Work to complete
Retype, word for word, the lines from the first line of the entries through the line that holds "Bergère rentrant des"; leave out the pictures.

Data for review

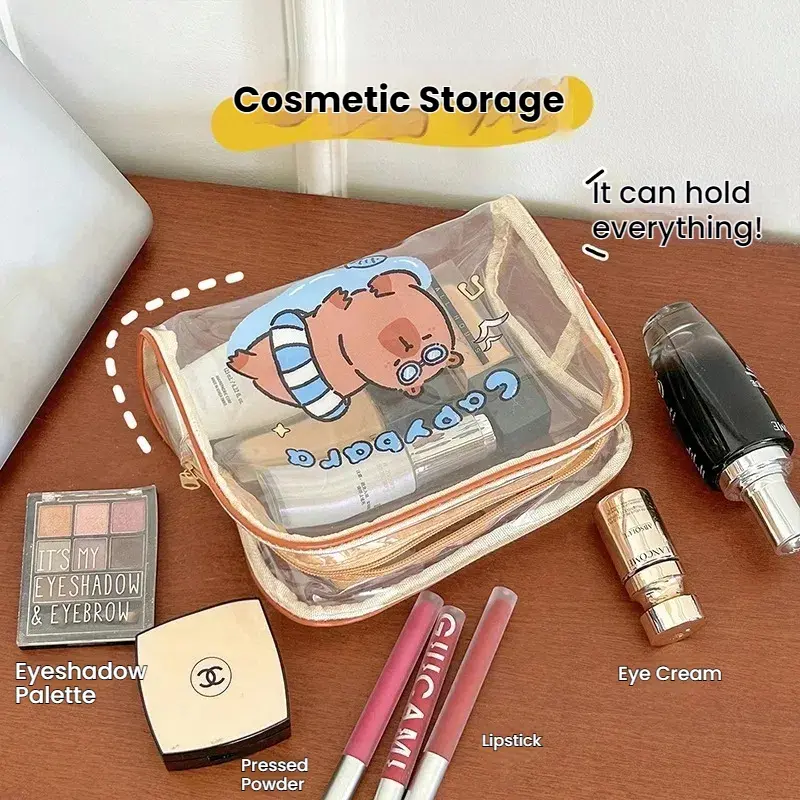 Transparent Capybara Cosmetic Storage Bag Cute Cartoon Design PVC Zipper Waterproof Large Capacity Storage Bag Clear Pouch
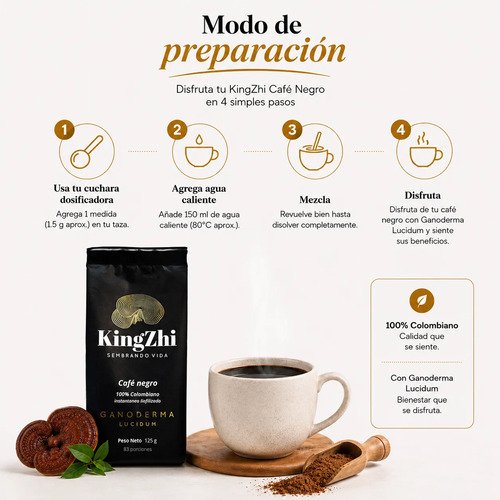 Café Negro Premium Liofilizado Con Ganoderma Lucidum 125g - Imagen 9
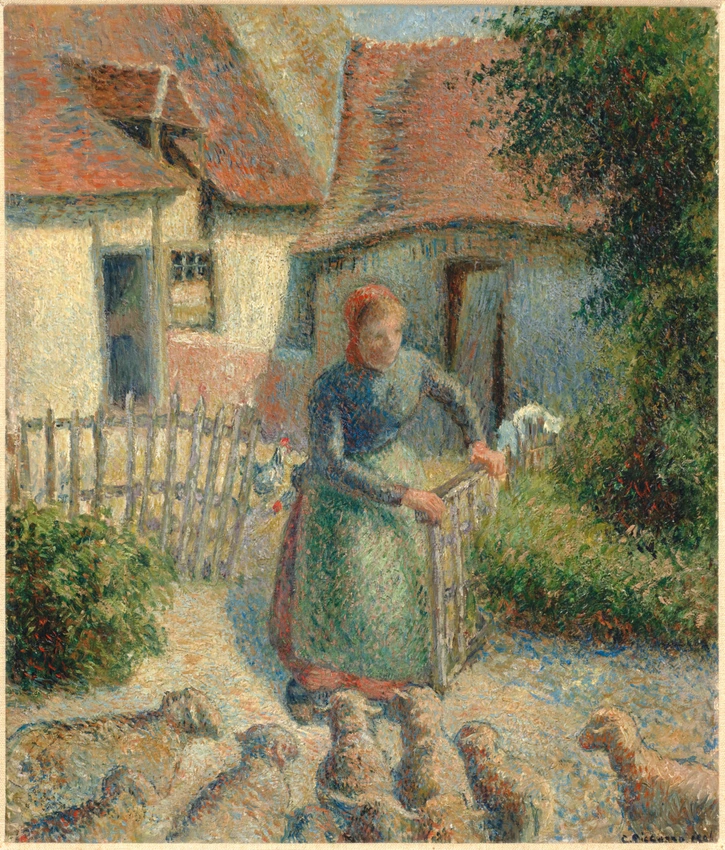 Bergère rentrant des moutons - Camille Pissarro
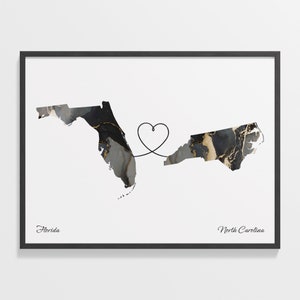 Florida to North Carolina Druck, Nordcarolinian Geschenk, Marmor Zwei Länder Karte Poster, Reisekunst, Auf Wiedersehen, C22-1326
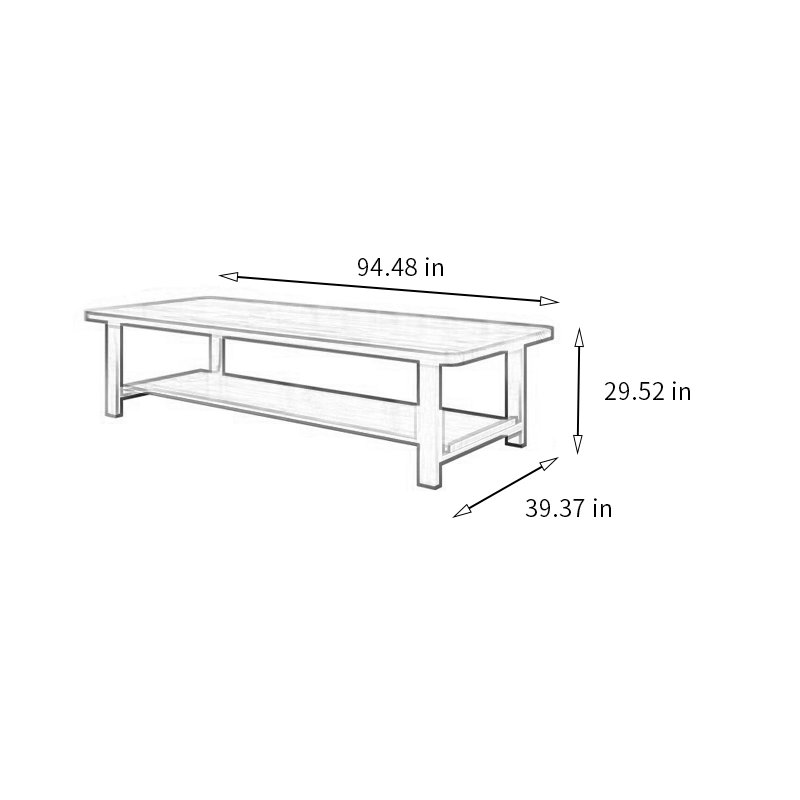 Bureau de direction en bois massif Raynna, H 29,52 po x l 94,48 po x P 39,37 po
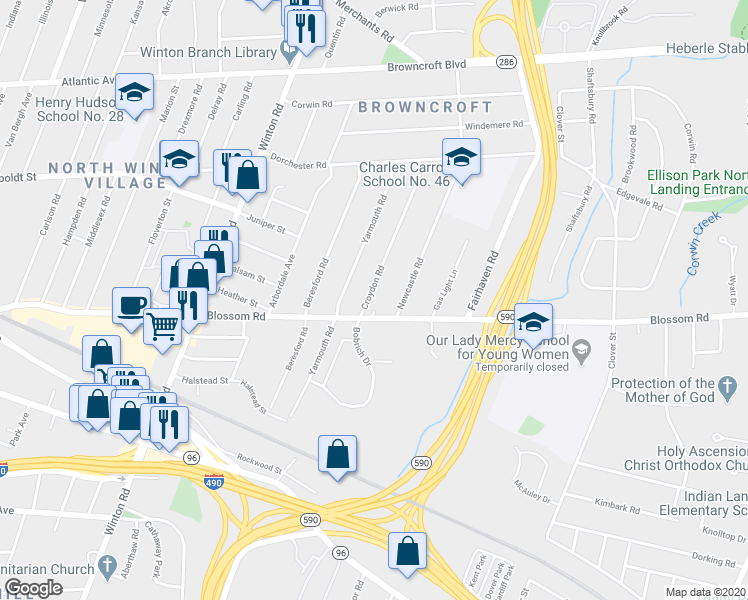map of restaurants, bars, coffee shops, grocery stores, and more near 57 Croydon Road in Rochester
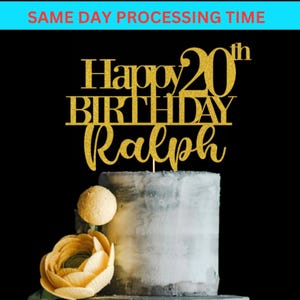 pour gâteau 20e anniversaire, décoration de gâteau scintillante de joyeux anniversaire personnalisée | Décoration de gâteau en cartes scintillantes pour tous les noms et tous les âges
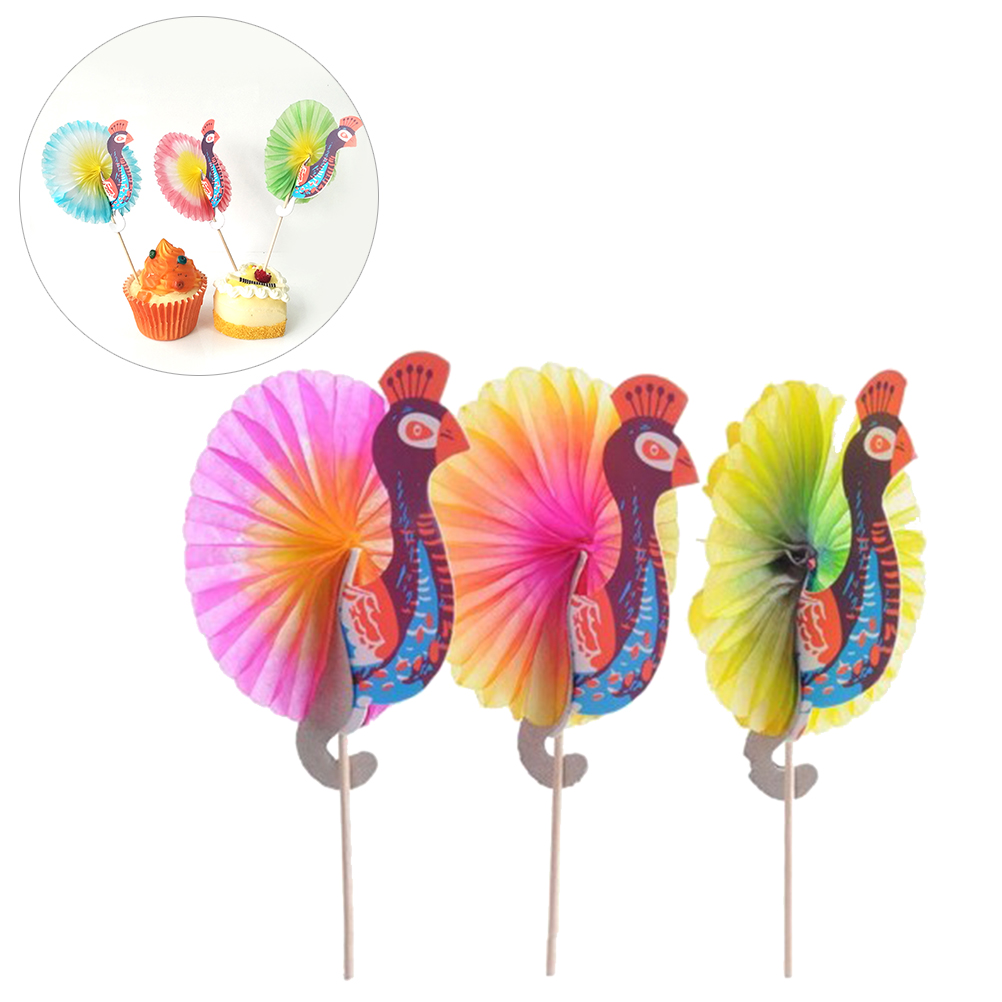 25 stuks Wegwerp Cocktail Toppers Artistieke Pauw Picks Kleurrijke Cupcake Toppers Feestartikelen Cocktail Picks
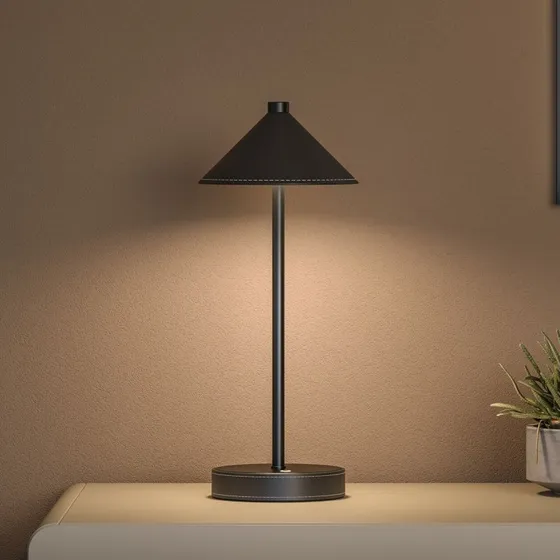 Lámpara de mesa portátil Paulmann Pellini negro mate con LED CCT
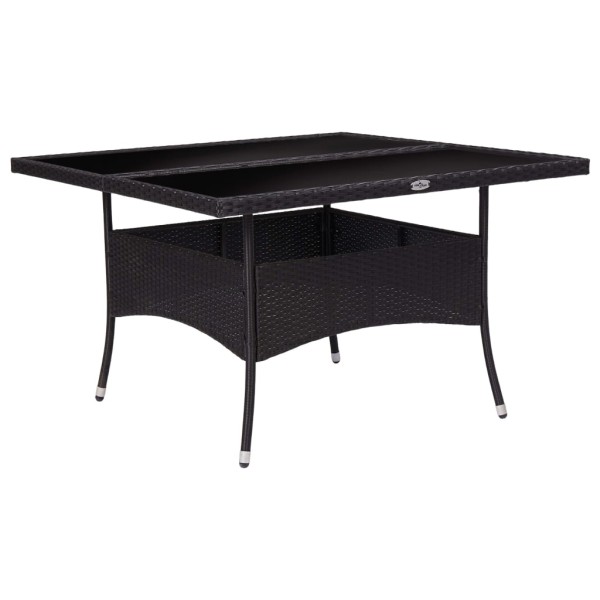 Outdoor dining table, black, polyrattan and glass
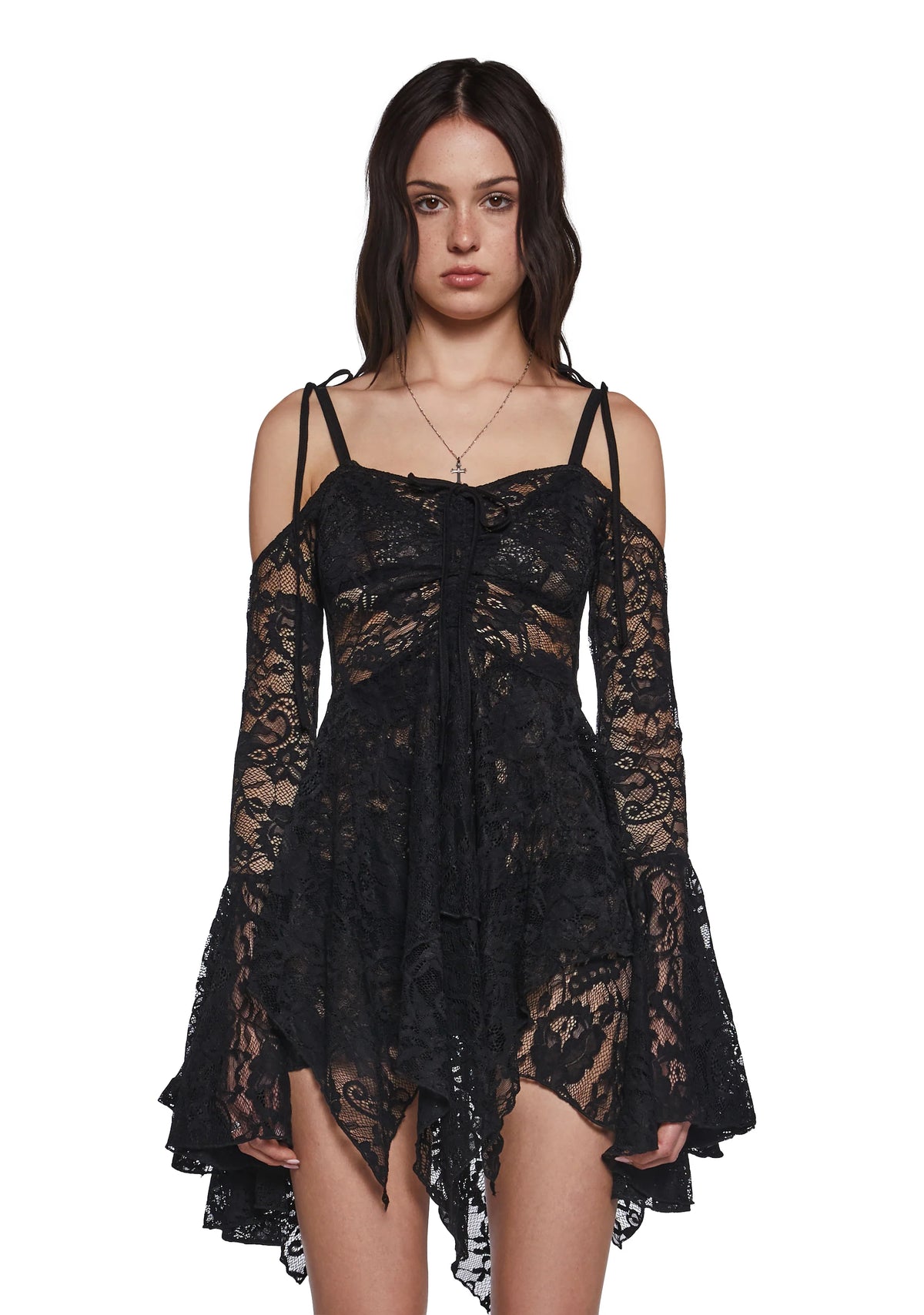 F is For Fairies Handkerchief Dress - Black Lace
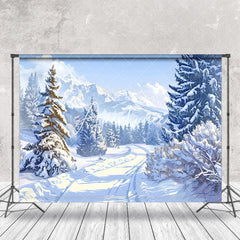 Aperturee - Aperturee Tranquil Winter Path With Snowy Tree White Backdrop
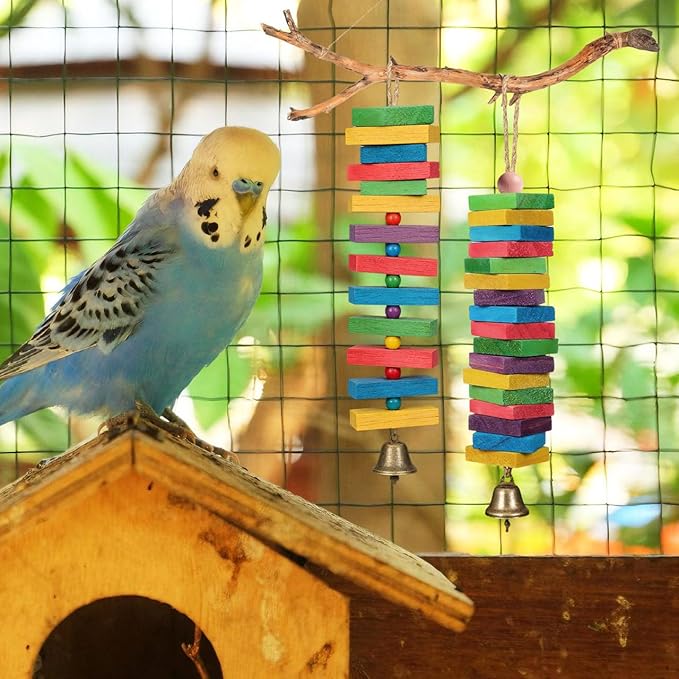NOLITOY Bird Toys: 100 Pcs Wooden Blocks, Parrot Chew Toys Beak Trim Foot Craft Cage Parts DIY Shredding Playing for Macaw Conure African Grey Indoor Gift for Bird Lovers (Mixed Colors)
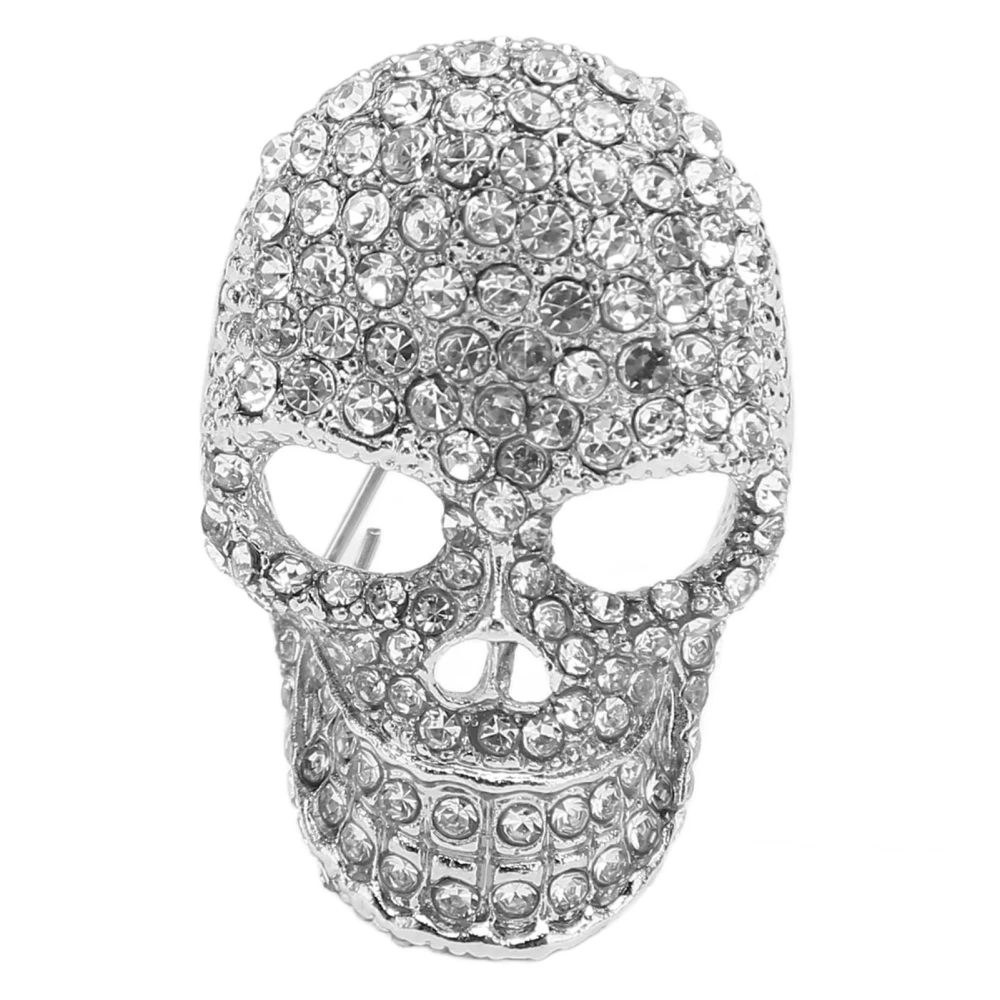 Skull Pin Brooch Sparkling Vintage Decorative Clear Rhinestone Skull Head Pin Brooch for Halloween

Solution for this exercise
 Transparent Capybara Cosmetic Storage Bag Cute Cartoon Design PVC Zipper Waterproof Large Capacity Storage Bag Clear Pouch
 Café Negro Premium Liofilizado Con Ganoderma Lucidum 125g - Imagen 9
 Bergère rentrant des moutons - Camille Pissarro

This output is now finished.